Otra medida imprescindible es el fortalecimiento de las políticas activas de empleo, con programas de fomento de obras públicas y otras que puedan generar puestos de trabajo. Su impacto sobre la superación de la miseria social es muy significativo. La tasa de pobreza de los trabajadores a tiempo completo es del 3%, mientras que entre los parados se eleva al 33%.

En tercer lugar, parece más necesario que nunca frenar la tendencia a reducir las prestaciones sociales, muy modestas en Estados Unidos en comparación con Europa (pese a los recortes practicados a este lado del Atlántico en los últimos años).
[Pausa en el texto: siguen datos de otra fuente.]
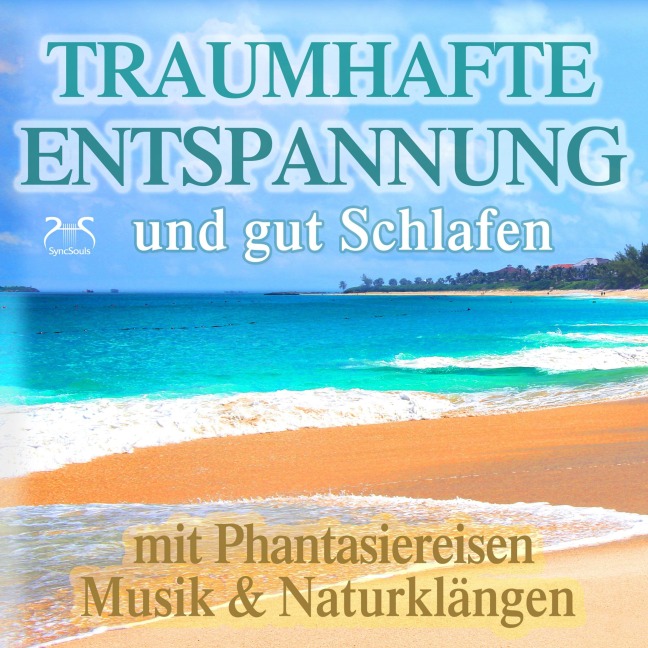 Traumhafte Entspannung und gut Schlafen mit Phantasiereisen, Musik & Naturklängen - Torsten Abrolat, Franziska Diesmann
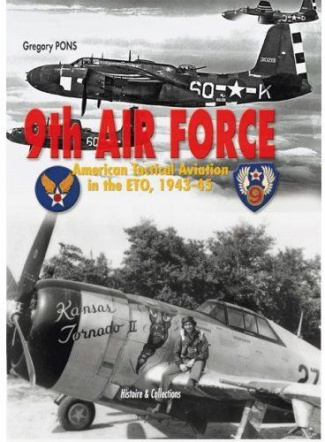 9th Air Force - American tactical aviation in the ETO, 1942-1945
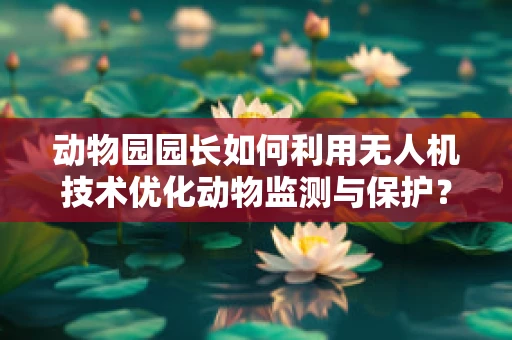 动物园园长如何利用无人机技术优化动物监测与保护？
El articulista Nicholas Kristoff citaba hace unos días un estudio de la Universidad de Columbia, según el cual sin los programas sociales el índice de pobreza en Estados Unidos habría alcanzado en 2012 el ¡31%! Desde 1968, estas ayudas han ‘rescatado’ de esa lacra a 30 millones de personas.

No obstante, los republicanos han hecho valer su mayoría en la Cámara Baja para recortar algunas prestaciones emblemáticas como los subsidios de desempleo, y, sobre todo,  la ayuda alimenticia, que hasta ahora aliviaba anualmente a 48 mil antes de las restricciones.

Para justificar estas decisiones antisociales, se acude a clásicas formulaciones neoliberales sobre el efecto que los programas asistenciales tienen sobre la desmotivación laboral. Dos investigadores de la Universidad de Maryland han llegado a la conclusión que en una pareja con niños hay poco estímulo para que trabajen los dos miembros adultos, ya que con un solo sueldo de 25.000 dólares al año se perciben ayudas y beneficios fiscales que compensan razonablemente los ingresos de un eventual segundo salario.

En otros estudios, sin embargo, se confirman ciertos factores que refuerzan el riesgo de pobreza, como la desestructuración familiar (el 30% de las madres solteras son pobres), el perfil racial (cuadro de cada diez niños afroamericanos y tres de cada diez hispanos son pobres) o el deficiente sistema educativo (el 60% de los asalariados de bajo nivel no han completado sus estudios básicos).

Obama ha dicho que la lucha contra la desigualdad es el “asunto definitorio” de nuestro tiempo. En su discurso del martes se comprometió a “crear nuevas pasarelas hacia la clase media” y a reforzar ésta como garantía de prosperidad nacional. Propósito tan alentador como complicado en un entorno político enrarecido y viciado. Deberá ser claro y contundente, porque el crédito, como la audiencia televisiva, se le agota.